The Summer a Boy on His Bike Logged 600 Miles

When he was a kid, this southeast Michigan guy loved his bike – and still recalls hitting a big milestone on it while on vacation camping with his family

The Summer a Boy on His Bike Logged 600 Miles

My 20-inch dark orange-colored bike with a metallic gold banana seat was one of my most prized childhood possessions. I rode that bike everywhere – even if only to a neighbor's house two doors down. I don't recall when Dad equipped my bike with a speedometer, but I was hooked on keeping track of my mileage from that point on. Not only would I determine how far to the right I could get that bright orange needle on the square face of the speedometer, but I'd also ride and ride until the odometer rolled to a nice round number. Then I'd set my sights on the next round number I longed to reach.

In the summer of 1974, we went on a camping trip, my bike in tow. I can't recall the exact mileage at that point, but I knew it was nearing that nice, round number of 600 miles. I began riding my bike through the campground and reporting back the odometer reading to my family, though they were not terribly interested in my real-time updates. When my odometer neared 600, I couldn't do anything else but ride, ride, ride. Back in the saddle I went, wanting desperately to reach 600 miles. Through the campground, to the campground store, back to the campsite, to the bathroom, to the park registration office, to the bathroom again, for good measure. Anything to inch closer to that magical mark.
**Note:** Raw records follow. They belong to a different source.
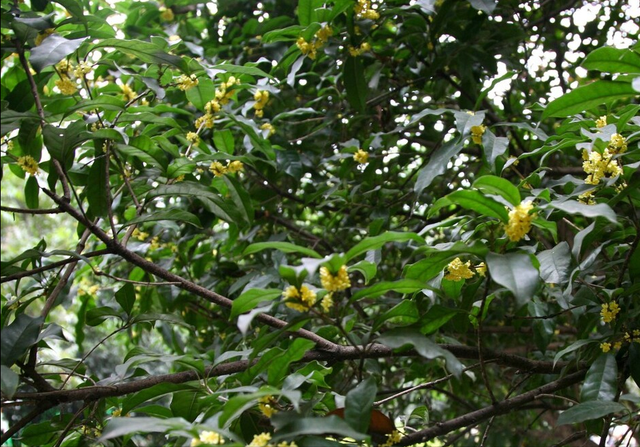 2022年犯太岁最凶的四大生肖，2021年犯太岁最凶的四大生肖（正月初九俗称天公日）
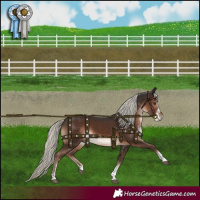 Horse Color:White Spotted Liver Chestnut Mushroom 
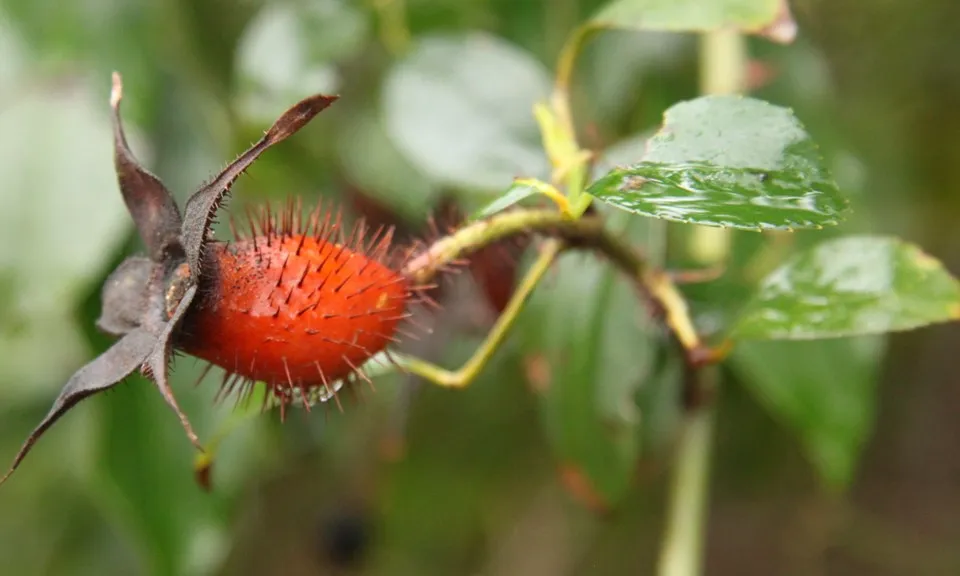 Quả dại mọc nhan nhan ở miền núi phía bắc, tưởng bỏ đi nhưng có giá 400.000 đồng/kg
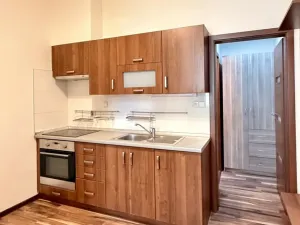 Pronájem bytu 1+1, Ostrava - Přívoz, Špálova, 45 m2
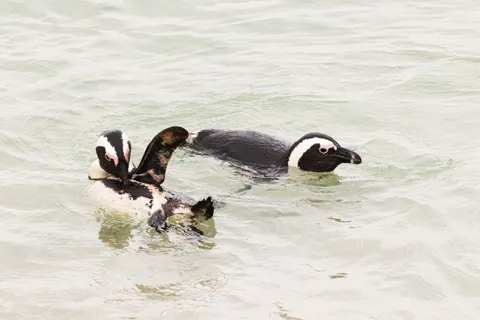 Fondo de pantalla Pingüinos 4K · animals · 3840×2560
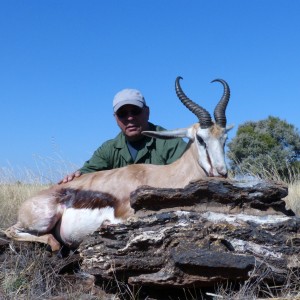 Springbok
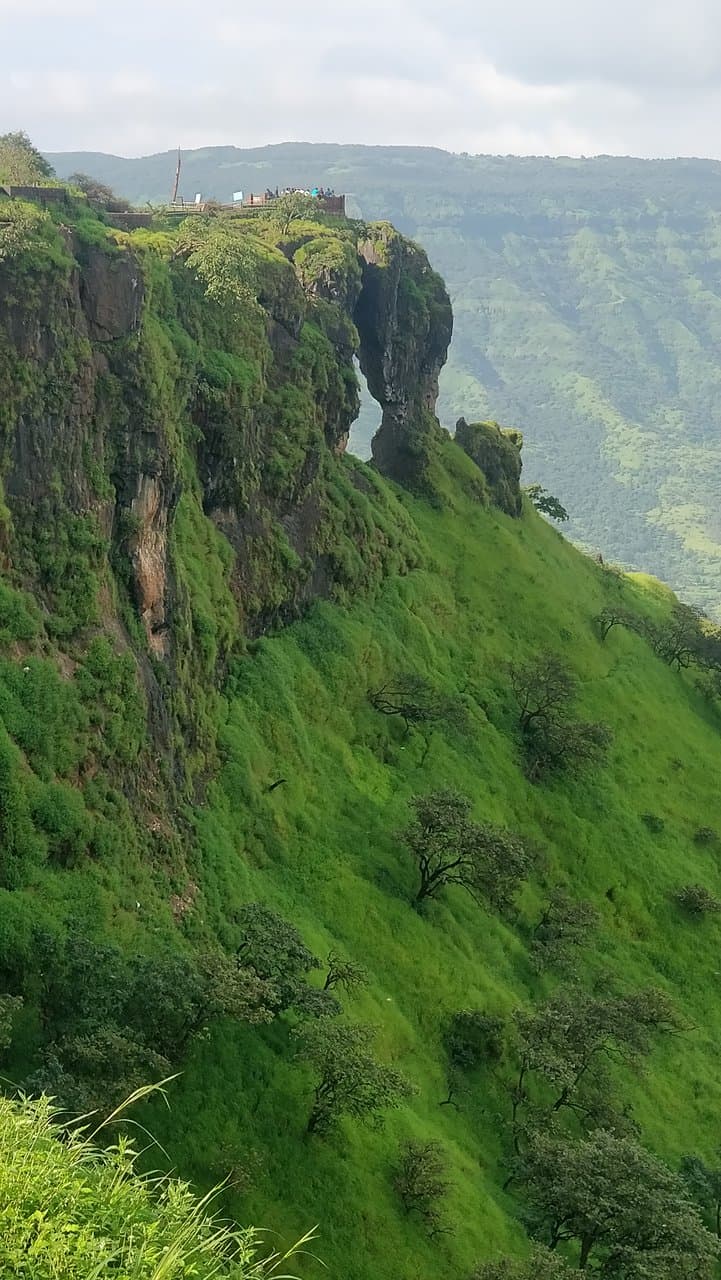 Needle Hole Point Elephant's Head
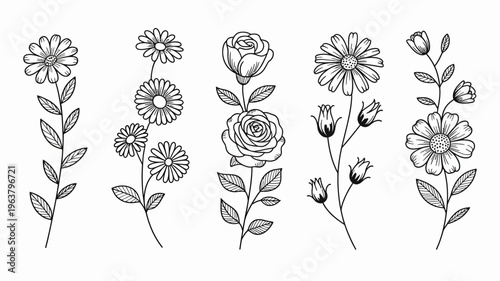 A delicate collection of hand drawn floral stems and blossoms featuring roses daisies and other botanical elements in black ink high quality professional detailed modern elegant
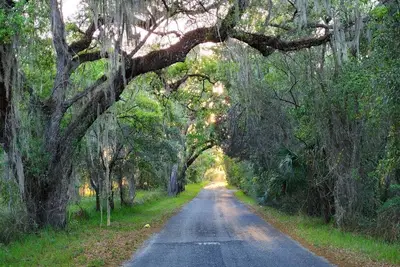 Image de Private St John's River town retreat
And when I finally reached my goal one lazy summer afternoon in an Indiana campground, I jumped off my bike at our campsite, ran over to the picnic table and shouted, "I reached 600 miles! I reached 600 miles!"

Once verified by skeptical eyes, an impromptu party ensued for this monumental occasion: Mom made me a triangular hat from that day's newspaper. She fashioned a beach towel into a cape and secured it loosely around my neck with a clothespin, and everyone in my family grabbed pots and pans and banged them with wooden spoons at our campsite. Dad, our erstwhile family cameraman, was live on the scene to take 8-mm footage. He also took a photo of me next to my bike as I beamed with pride.